Simón meneó la cabeza.

– Tuvieron tiempo de sobra para meditarlo -dijo, abatido, en la misma lengua-. Somos judíos, doctora. Los judíos cavilamos. Consideramos los posibles resultados, las ramificaciones, nos preguntamos si es aceptable para Dios, y si de todos modos debemos hacerlo, aunque no lo sea. Os aseguro que en el momento en que terminaron de reflexionar y tomaron su decisión los buscadores ya habían pasado por allí. -Simón suspiró-. Son unos asnos, peor que asnos; sin embargo, no asesinaron al niño.

– Lo sé.

Pero no habría tribunal que les creyera. Temiendo, con razón, por sus propias vidas, Yehuda y su suegro habían tomado una decisión desesperada llevándola a cabo con poca destreza. Sólo habían ganado unos días de alivio, durante los cuales el cuerpo, atrapado en el pilote, debajo del agua, se hinchó lo suficiente como para desengancharse por sí mismo y reflotar hacia la superficie.

Adelia, impaciente, se dirigió a Yehuda.

– Antes de lanzarlo por el albañal, ¿observasteis el cuerpo? ¿En qué condiciones estaba? ¿Estaba mutilado? ¿Llevaba ropa?

Yehuda y Benjamín la miraron con terror.

– ¿Habéis traído a una mujer morbosa ante nosotros? -preguntó Benjamín a Simón.

– ¿Morbosa? -Simón pretendió golpearles de nuevo. Mansur extendió su brazo para impedirlo-. Vosotros, que arrojasteis a un pobre niño por un desagüe, ¿habláis de morbo?
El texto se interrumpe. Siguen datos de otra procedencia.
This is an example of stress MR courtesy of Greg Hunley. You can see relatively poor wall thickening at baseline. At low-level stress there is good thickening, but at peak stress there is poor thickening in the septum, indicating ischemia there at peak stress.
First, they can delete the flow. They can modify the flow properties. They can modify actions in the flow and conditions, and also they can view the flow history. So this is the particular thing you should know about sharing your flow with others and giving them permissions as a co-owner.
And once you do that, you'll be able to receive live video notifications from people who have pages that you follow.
Adelia salió de la sala, dejando a Simón en plena invectiva. Todavía había una persona en el castillo que podía decirle lo que deseaba saber.

Cuando cruzaba el salón camino del patio, el recaudador de impuestos advirtió su partida. Se alejó durante un instante del alguacil para dar instrucciones a su escudero.
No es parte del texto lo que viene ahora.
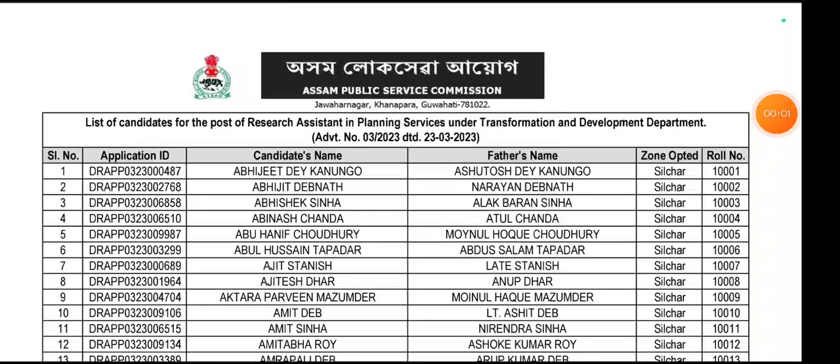Hello everyone, welcome to the APSC Public Service Commission on the list of candidates for the Post of Research Assistant in Planning Service under the Transformation and Development Department.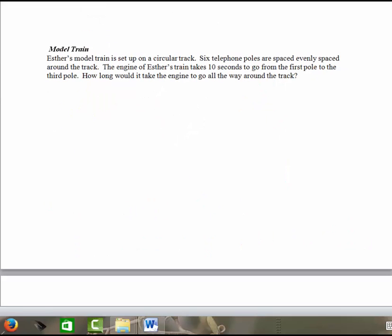Alright, now let's look at the model train problem. We've got Esther's model train set up on a circular track. Six telephone poles are spaced evenly around the track. The engine of the train takes ten seconds to go from the first pole to the third. How long will it take the engine to go all the way around the track? So I'm going to start by just drawing a diagram, labeling the six telephone poles.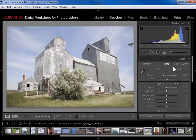Welcome everybody. In this video I'm going to talk about the HSL panel, which allows you to control individual colors in your photographs.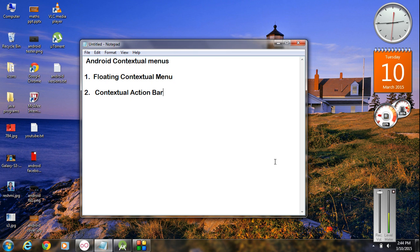Hello guys, welcome back to another episode of Android application development tutorial with Android Studio. In today's episode we are going to learn about how to work with contextual menus in Android.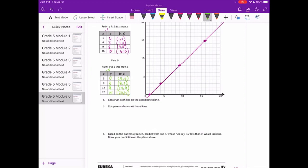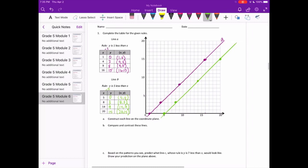Let's go ahead and plot those: (5,0) and (8,3). Connect the coordinates to form the line. That is Line B.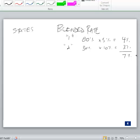In our example, the states are going to tax the company the same way — same taxable income, same temporary items — so you can do this blending. If the state rules were totally different, you couldn't just blend like this; you'd have to do individual calculations.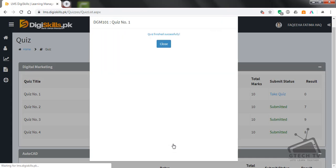The quiz is finished. If you like my video, please subscribe to my channel and see you in the next video. Thank you.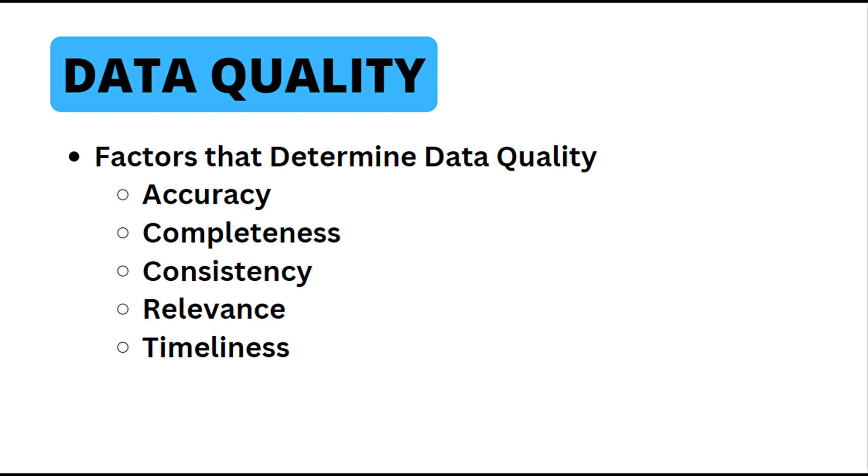If data isn't correct and free from errors, it can lead to incorrect conclusions and decisions. Accuracy ensures that the data reflects the real-world values it's meant to represent.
– El sarraceno no está con ella, ¿verdad? -preguntó nerviosamente Pipin, que todavía se masajeaba el trasero.

– Sólo quiero que averigüéis con quién habla.

Adelia cruzó el patio soleado en dirección al rincón donde estaban reunidas las mujeres judías. Distinguió a la que buscaba por su juventud y porque, entre todas, ella estaba sentada en una silla que dejaba a la vista su vientre abultado. Al menos de ocho meses, calculó.
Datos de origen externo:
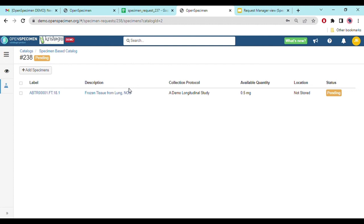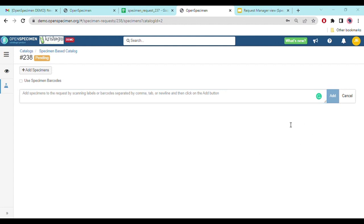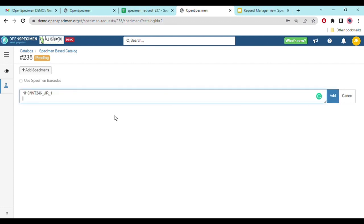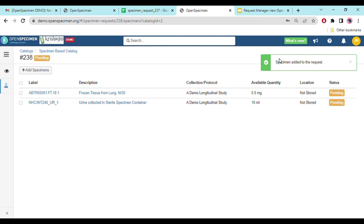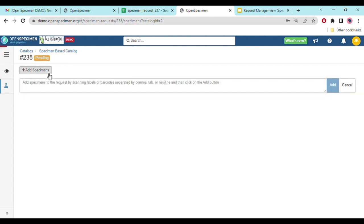Now that the specimen has been removed, I need to replace it with another specimen. You can see the 'Add Specimen' option here. You can paste labels separated by a comma or as a new line. I'll paste a label here, and once I hit 'Add', you can see the specimen is added to the request. Similarly, if you want to use a barcode, that can be done too.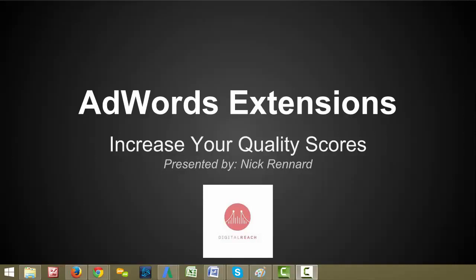Hello everybody and welcome to another episode of my video blog series. I am your host Nick Renard and today we are going to be talking about the benefits of using ad extensions in AdWords. Towards the end I'm also going to review how to upload these into your campaigns through the AdWords editor and the AdWords browser interface. So let's get started.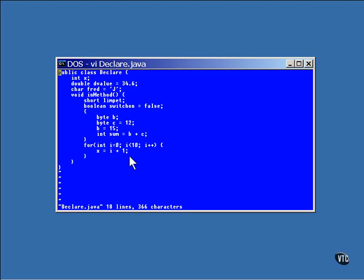There is a slight exception in the placement and scoping of declarations in the for loop. Notice that the loop counter i is declared inside the parentheses of the for statement but not inside the braces. As a special case, anything declared inside the parentheses exists in the parentheses and inside the body of the for loop.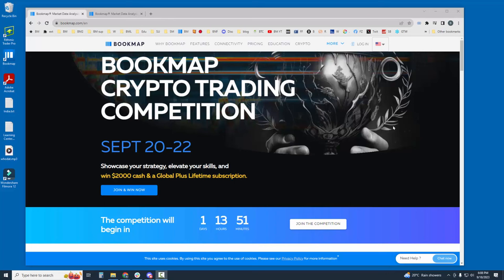Welcome to the Bookmap Crypto Trading Competition here for September 20th to the 22nd. You first need to click to join here and then register for the competition.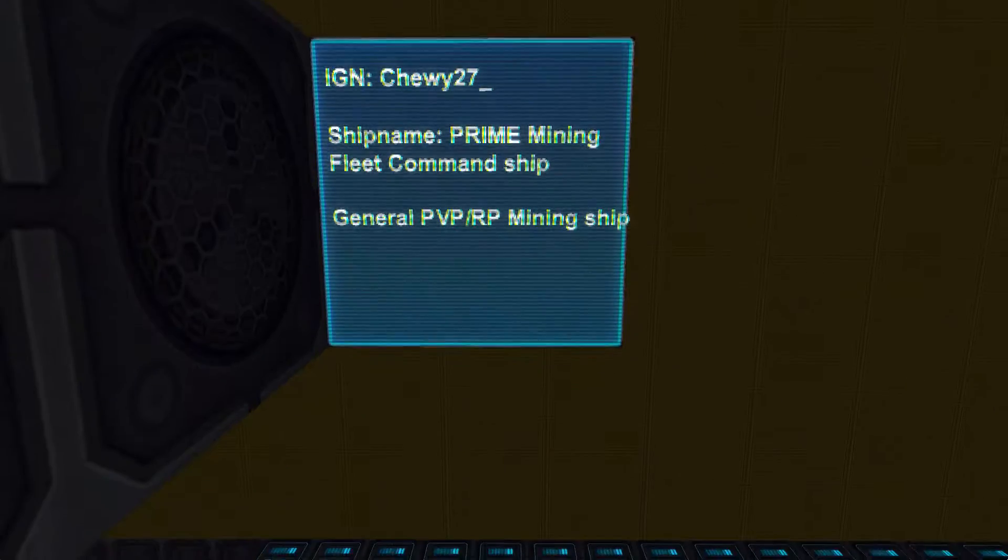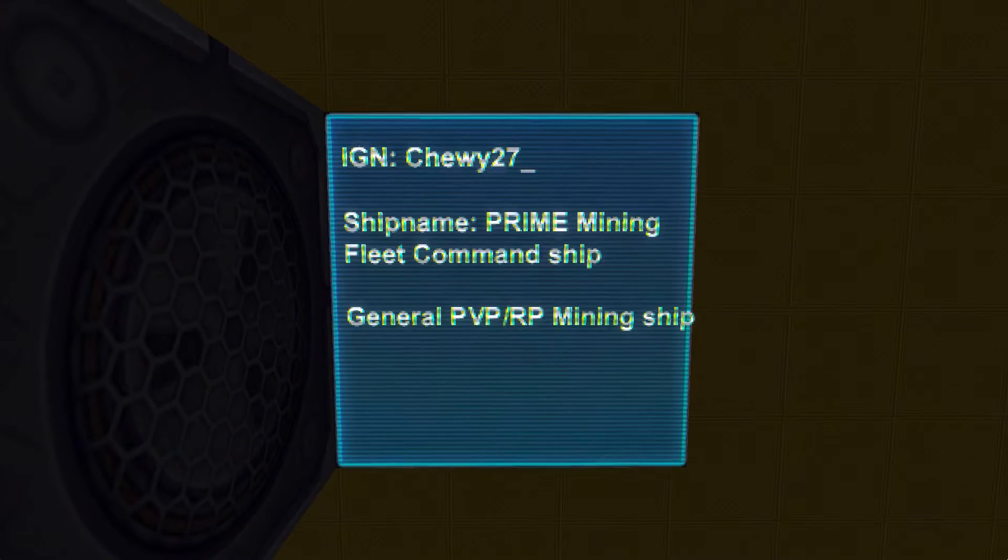Hello peeps, Drogon here, welcome back to another StarMade ships review. Today I am reviewing the Prime Mining Fleet Command ship by Chewy27.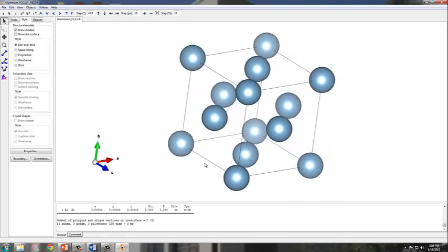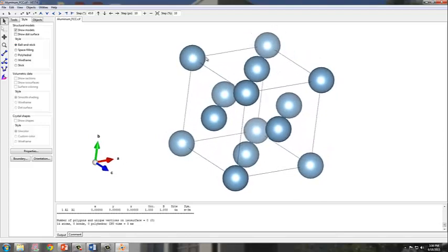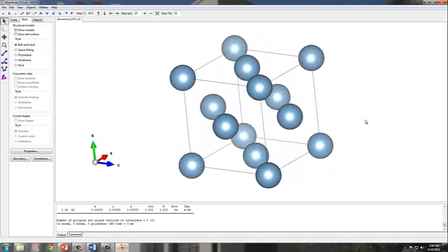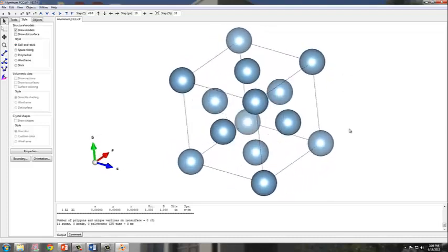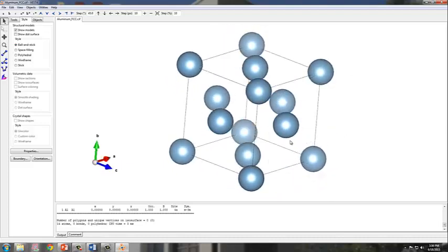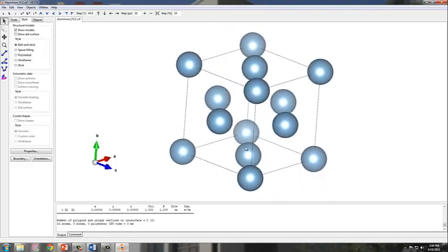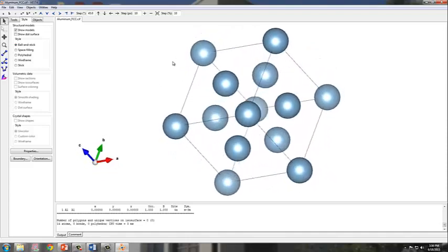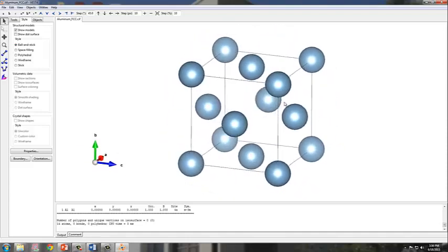You can actually see that this is face-centered aluminum. We have eight corner atoms and also six atoms which are located on the face. What I'm actually doing now is holding the left click and freely moving and rotating the model.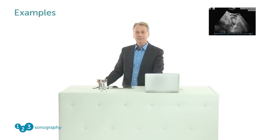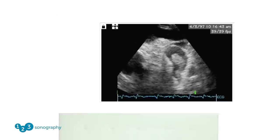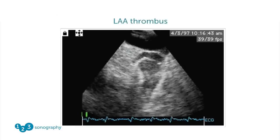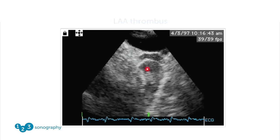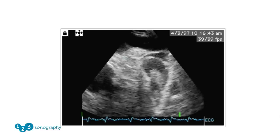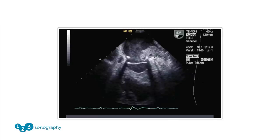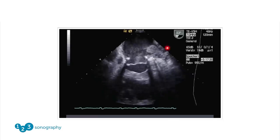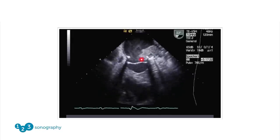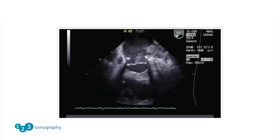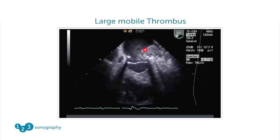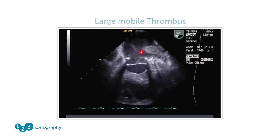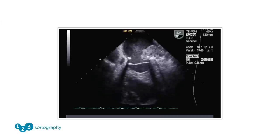Let's take a look at some examples that highlight the advantages of TEE. What we have here is the left atrial appendage, and right inside it we have a thrombus. You cannot see this from a transthoracic approach. This large thrombus is peeking out of the left atrial appendage — probably a high risk of embolization.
La doctora hizo una reverencia a la hija de Chaim.

– ¿Señora Dina?

Unos ojos oscuros, enormes y recelosos la miraron.

– ¿Sí?

La joven estaba demasiado delgada para su condición. El vientre redondeado parecía una protuberancia invasora adherida a una esbelta planta. Las ojeras y las mejillas hundidas sombreaban una piel como de vitela.

Pensando como médica, Adelia se dijo: «Os hace falta la comida de Gyltha, señora; me ocuparé de eso».

Se presentó como Adelia, hija de Gershom de Salerno. Su padre adoptivo podía ser un judío no practicante, pero no era momento para discutir sobre su apostasía, o la suya propia.

– ¿Podríamos hablar? -inquirió mirando a las mujeres que la rodeaban-. ¿A solas?

Por un momento Dina permaneció inmóvil. Llevaba un velo casi transparente para protegerse del sol; su ornamentado tocado no era apropiado para las faenas diarias. La seda del vestido tenía bordados de perlas que asomaban por debajo del viejo mantón que le envolvía los hombros. Adelia intuyó apenada que llevaba la ropa con la que se había casado.

Finalmente, Dina agitó una mano y las mujeres se dispersaron. Fugitiva y huérfana, todavía detentaba autoridad entre las personas de su mismo sexo. Su padre había sido el hombre más rico de Cambridge. Y estaba aburrida. Llevaba un año encerrada junto a ellas y seguramente había oído todo lo que tenían que contar más de una vez.

– ¿Sí?

La joven se levantó el velo. No tenía más de dieciséis años y, era encantadora, pero en su rostro se percibía amargura. Al oír el motivo que había llevado a Adelia hasta allí, rezongó.

– No hablaré sobre eso.

– Hay que coger al verdadero asesino.

– Todos ellos son asesinos.

Dina inclinó la cabeza como quien se dispone a escuchar, y apuntó con el dedo para indicar a Adelia que escuchara junto a ella.

Desde el otro lado del muro llegaban débilmente los gritos de Roger de Acton, que aparentemente estaba recibiendo al obispo en la entrada del castillo.

– Debemos matar a los judíos -se desprendía de su monserga.

– ¿Sabéis lo que ellos le hicieron a mi padre? ¿Lo que le hicieron a mi madre? -El gesto de aflicción hizo que su joven rostro pareciera aún más joven-. Echo de menos a mi madre; la añoro.